→ TASK ITEM
Please transcribe the data that follows exactly as given, leaving out every picture.

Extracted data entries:
· · · · · · ·

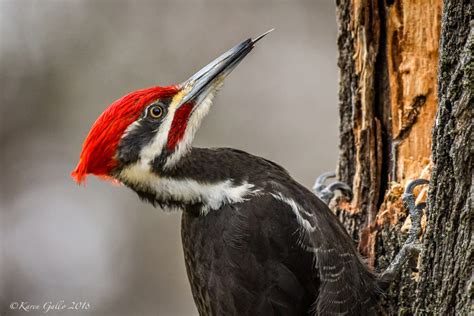 Male Pileated Woodpecker Excavates a Maple Tree - FeederWatch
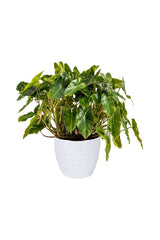Philodendron Burle Max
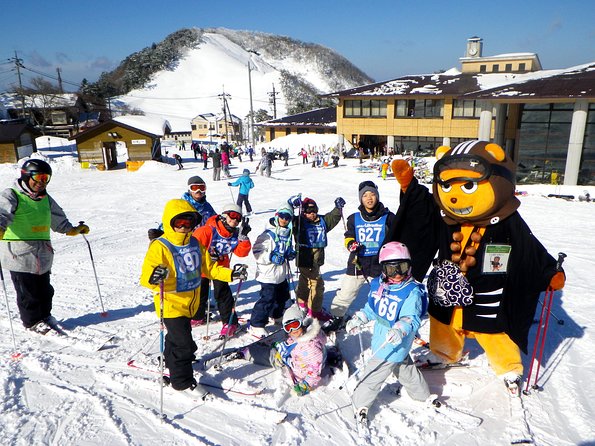 Private ski lesson for family or group(Transport included ) - Key points at a glance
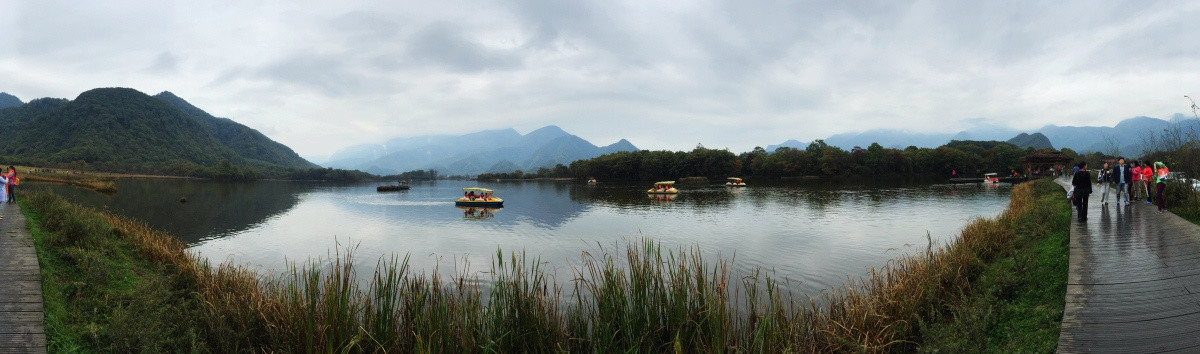 湖北神农架大九湖景区栈道全景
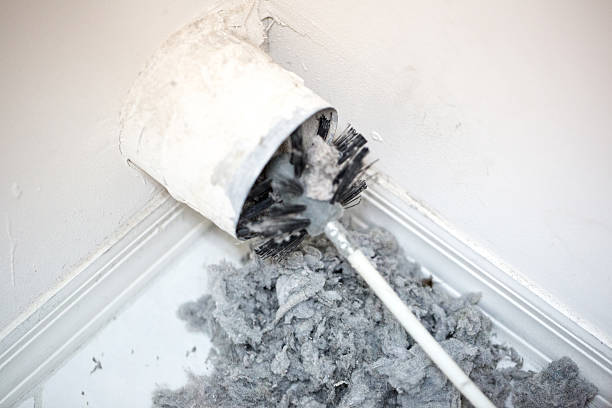 Best HVAC Duct Inspection Services  in Pleasanton, CA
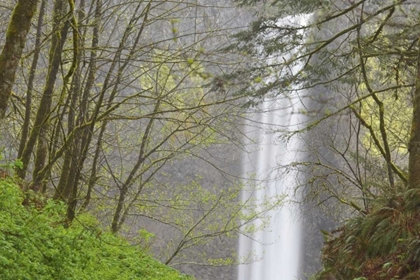 Picture of OR, COLUMBIA RIVER GORGE VIEW OF LATOURELL FALLS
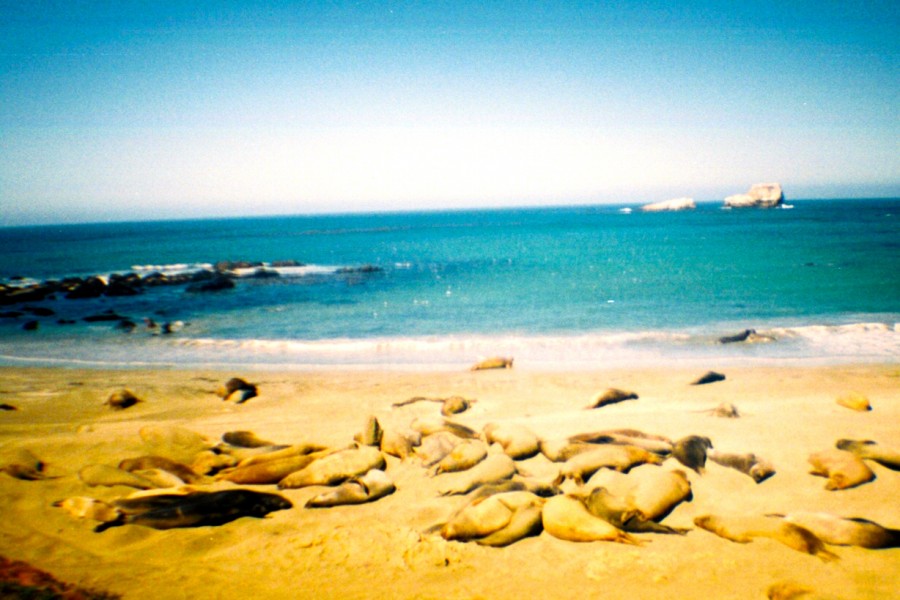 bf85a79f906564ccf820232bd04e688fb37f787d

· · · · · · ·

→ REPLY TO THE TASK
 Male Pileated Woodpecker Excavates a Maple Tree - FeederWatch
Philodendron Burle Max
 Private ski lesson for family or group(Transport included ) - Key points at a glance
 湖北神农架大九湖景区栈道全景
 Best HVAC Duct Inspection Services  in Pleasanton, CA
 Picture of OR, COLUMBIA RIVER GORGE VIEW OF LATOURELL FALLS
 bf85a79f906564ccf820232bd04e688fb37f787d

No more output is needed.